4.10.    Maintenance of Equipment. The equipment useful and necessary to the business of the Borrowers and Guarantors shall be maintained in good operating condition and repair (reasonable wear and tear and casualty excepted) and all necessary replacements of and repairs thereto shall be made so that the value and operating efficiency of such equipment shall be maintained and preserved consistent with industry standards; provided, that, the same shall not be required if not necessary for the continued operation of the business of the Borrowers and Guarantors. No Borrower or Guarantor shall use or operate its equipment in violation of any Applicable Law, except to the extent such violation could not reasonably be expected to have a Material Adverse Effect.

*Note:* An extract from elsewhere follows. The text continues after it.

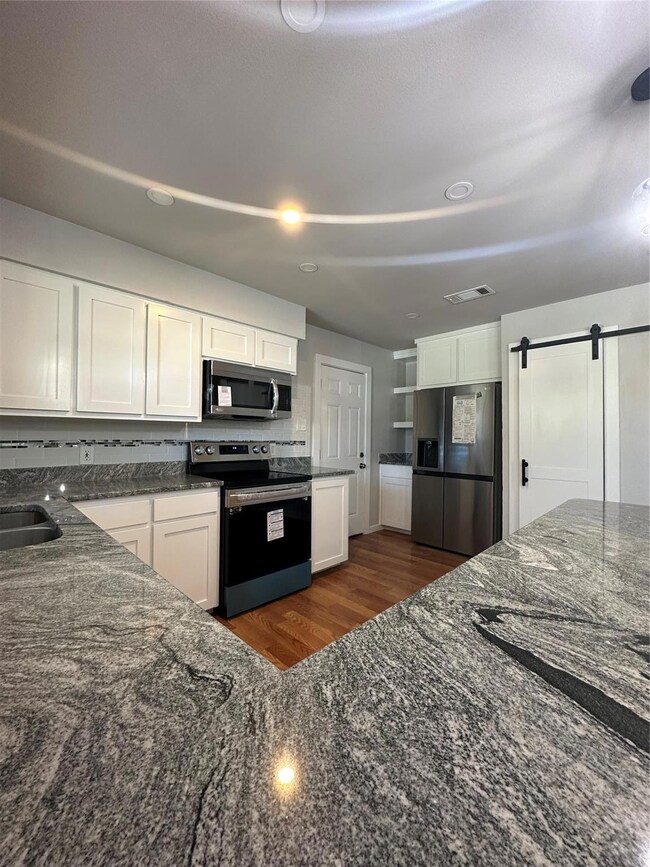 1304 Rebecca Dr, Gainesville, TX 76240 - photo 5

4.11.    Exculpation of Liability. Nothing herein contained shall be construed to constitute Agent or any Lender as any Borrower’s or Guarantor’s agent for any purpose whatsoever, nor shall Agent or any Lender be responsible or liable for any shortage, discrepancy, damage, loss or destruction of any part of the Collateral wherever the same may be located and regardless of the cause thereof, except for the gross negligence or willful misconduct of Agent or any Lender (as determined by a final and non-appealable judgment of a court of competent jurisdiction). Neither Agent nor any Lender, whether by anything herein or in any assignment or otherwise, assumes any of any Borrower’s or Guarantor’s obligations under any contract or agreement assigned to Agent or such Lender, and neither Agent nor any Lender shall be responsible in any way for the performance by any Borrower or Guarantor of any of the terms and conditions thereof.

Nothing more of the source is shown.